Eran otros tiempos, no me cabe duda. Pues, en los escasos años que nos separan de esta fecha, hemos tenido el placer de oír a políticos de todos los partidos y colores regalarnos los oídos con expresiones como recuperación económica. Curioso, cuanto menos. Pues, de acuerdo a los mismos datos ofrecidos por la encuesta EPA, España cerraba el año 2015 con una cifra del 20,90%; equivalente a cuatro millones setecientos setenta y nueve mil parados.

No me atrevo a dudar de la alta capacidad para el cálculo y el análisis de nuestros dirigentes. Es innegable e irrefutable que cuatrocientos noventa y cuatro mil nuevos puestos de empleo separan ambas cifras. Pero, en un país que lidera la tasa de desempleo juvenil de Europa, con setecientos setenta y cinco mil (49,6%) de menores de veinticinco años; perdonen la insolencia, pero yo no me atrevería a hablar de recuperación, mucho menos de éxito. No digamos si entramos en terreno de precariedad laboral.

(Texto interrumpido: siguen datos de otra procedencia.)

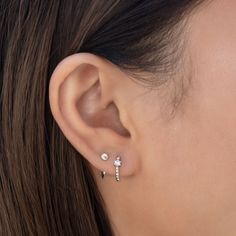 a close up of a woman's ear wearing two small white diamond studs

Aunque, debemos realizar labor de empatía. Debe ser muy fácil para ellos. Debe de ser terriblemente sencillo trabajar con cifras en lugar de personas; ver la solemne cantidad de cuatro millones de personas y sólo apreciar un porcentaje descendente. Un nuevo logro, una medalla más que colgarse en el pecho. Eso, claro, fuera de campaña electoral. Cuando dejamos de existir las personas de a pie.

En lo que a mi persona compete, opino de la recuperación económica un poco lo que el novelista británico, Kingsley Amis: «de todos los infiernos, el peor es el del conformismo».

El número de españoles, especialmente jóvenes, que cruzan cada día la frontera española supera las cifras de la Guerra, la Posguerra y toda la España franquista. Jóvenes que se marchan, casi exiliados, con cuatro carreras y cinco idiomas debajo del brazo. Menos mal que, a ellos,aún no se nos ha ocurrido ponerles una valla. Quizá, ante esta fuga de cerebros, sea hora de plantearnos seriamente si este problema debe preocuparnos más allá del cine. Si de algo sirve reclamar una educación digna cuando ésta no tiene salida alguna.

Quizá, como afirma Millás, necesitemos un profeta de la dicha; pues, ante tal choque frontal con la realidad, puede quedarnos sólo la esperanza. La confianza o la risa. La sátira política frente a la greña ideológica. Las ironías.

Entre tanto la razón, el intelecto, el ingenio, la inteligencia, el esfuerzo, la agudeza, la capacidad, la perspicacia; siguen haciendo las maletas.